RICHLAND, Wash. (AP) — A stainless steel tank the size of a basketball court lies buried in the sandy soil of southeastern Washington state, an aging remnant of U.S. efforts to win World War II. The tank holds enough radioactive waste to fill an Olympic-sized swimming pool. And it is leaking.

For 42 years, tank AY-102 has stored some of the deadliest material at one of the most environmentally contaminated places in the country: the Hanford Nuclear Reservation. This complex along the Columbia River holds a storied place in American history. It was here that workers produced the plutonium for the atomic bomb dropped by the U.S. on Nagasaki, Japan, in 1945 — effectively ending the second world war.

Today Hanford’s legacy is less about what was made here than the environmental mess left behind — and the federal government’s inability, for nearly a quarter-century now, to rid Hanford once and for all of its worst hazard: 56 million gallons of toxic waste cached in aging underground tanks.

Technical problems, mismanagement and repeated delays have plagued the interminable cleanup of the 586-square-mile site, prolonging an effort that has cost taxpayers $36 billion to date and is estimated will cost $115 billion more.

Add to that the leaks involving AY-102 and other tanks at the site, and watchdog groups, politicians and others are left wondering: Will Hanford ever really be free of its waste? If not, what will its environmental impact be on important waterways, towns and generations to come?

There’s more in the AP article, such as this:

In all, since that very first leak in the 1950s, at least 69 tanks are known to have excreted more than 1 million gallons of waste — and possibly far more — into the soil.

Not to worry:

The groundwater at Hanford already is contaminated, but scientists gauge the risks to be minimal because it would take decades for contaminants already in the soil to reach the Columbia River, the largest waterway in the Pacific Northwest. The closest tank sits 5 miles from the river, home to endangered fish and a source of drinking water for some 175,000 people immediately downstream.

So “minimal” means “your children and grandchildren will have a contaminated river”.

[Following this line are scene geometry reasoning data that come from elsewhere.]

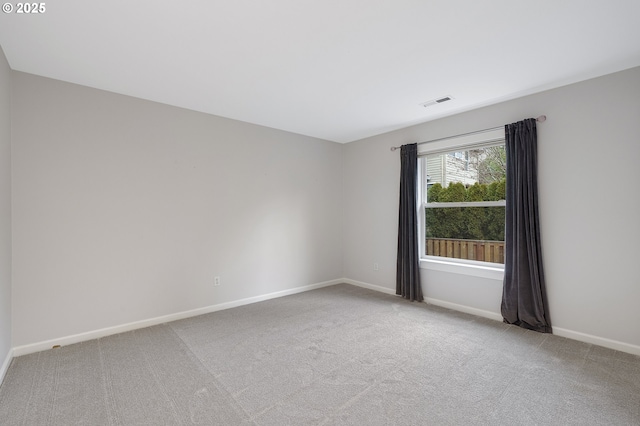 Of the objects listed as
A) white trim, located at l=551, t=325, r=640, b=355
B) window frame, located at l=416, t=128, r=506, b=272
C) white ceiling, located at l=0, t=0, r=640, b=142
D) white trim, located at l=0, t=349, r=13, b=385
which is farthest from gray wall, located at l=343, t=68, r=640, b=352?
white trim, located at l=0, t=349, r=13, b=385

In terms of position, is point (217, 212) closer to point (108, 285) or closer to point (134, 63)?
point (108, 285)

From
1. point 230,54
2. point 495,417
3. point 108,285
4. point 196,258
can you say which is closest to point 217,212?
point 196,258

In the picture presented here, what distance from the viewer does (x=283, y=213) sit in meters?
4.56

Plant Hatch, chronically leaking radioactive tritium into groundwater, and same design as Fukushima, is on the Altamaha River. Plant Farley, with radioactive tritium in well water, is just across the Chattahoochee River in Alabama. Plant Vogtle, with direct radiation and airborne radiation on the river bank and on nearby roads, is on the Savannah River, which has detectible radioactivity in the river itself. What about the now-closed Crystal River nuke in north Florida, whose problem nobody wanted to pay to fix was cracked containment concrete: what will stop it from leaking? All are above the Floridan aquifer, the source of our drinking water. Once contamination gets into groundwater, it doesn’t just vanish; it continues to spread.

Have you ever heard of a leaking solar panel? How about a radioactive windmill?